Would you retype exactly the lines from the one holding "Blue and White" through the last line of the listing, and only those, without pictures?

▸ **GIVEN MATERIAL**
>>>>

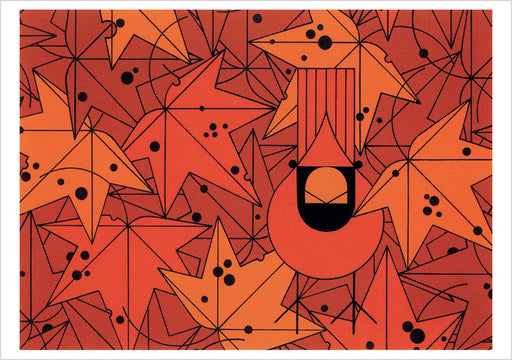 Charley Harper: Under the Sweetgum Tree Notecard_Front_Flat
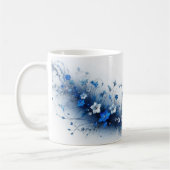  Blue and White Floral Vine  Koffiemok (Links)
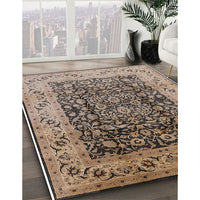 Mid-Century Modern Coffee Brown Oriental Rug, urb661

<<<<

▸ **YOUR RESPONSE**
  Blue and White Floral Vine  Koffiemok (Links)
 Mid-Century Modern Coffee Brown Oriental Rug, urb661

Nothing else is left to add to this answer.